Required action: Since only part of the material below is wanted, output exactly the lines from the one with "Cardigan with Ogrisd fur" up to and including the one with "GUỒNG TRỢ LỰC".

Source material:
*-*-*

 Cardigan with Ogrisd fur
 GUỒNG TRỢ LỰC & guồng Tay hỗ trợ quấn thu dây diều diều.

*-*-*

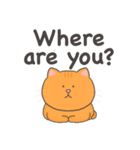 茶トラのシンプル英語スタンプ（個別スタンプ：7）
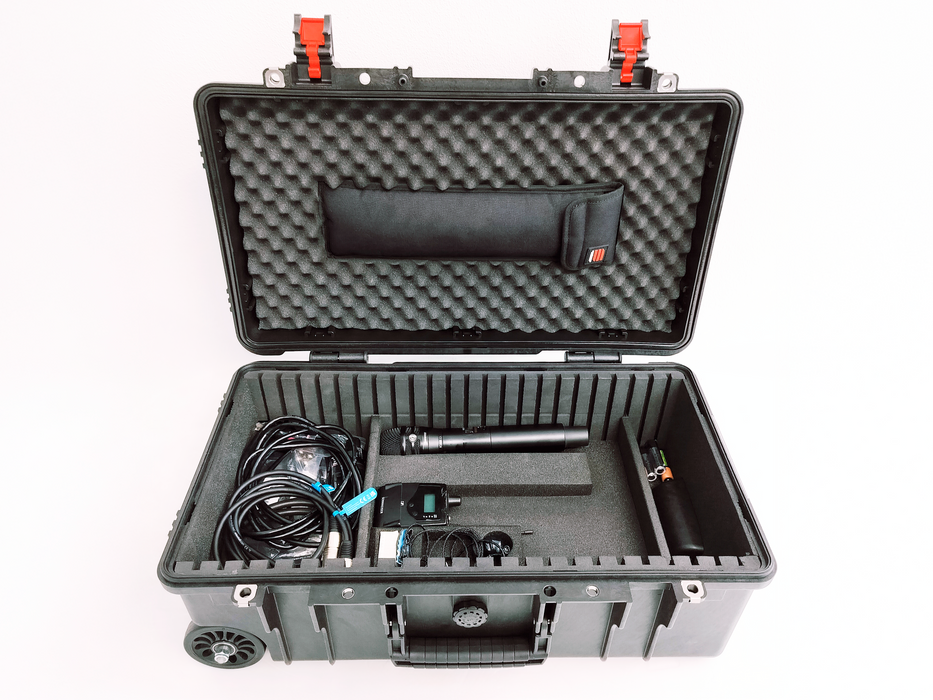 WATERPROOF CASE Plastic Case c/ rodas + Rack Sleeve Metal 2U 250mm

*-*-*

Task solution:
 Cardigan with Ogrisd fur
 GUỒNG TRỢ LỰC & guồng Tay hỗ trợ quấn thu dây diều diều.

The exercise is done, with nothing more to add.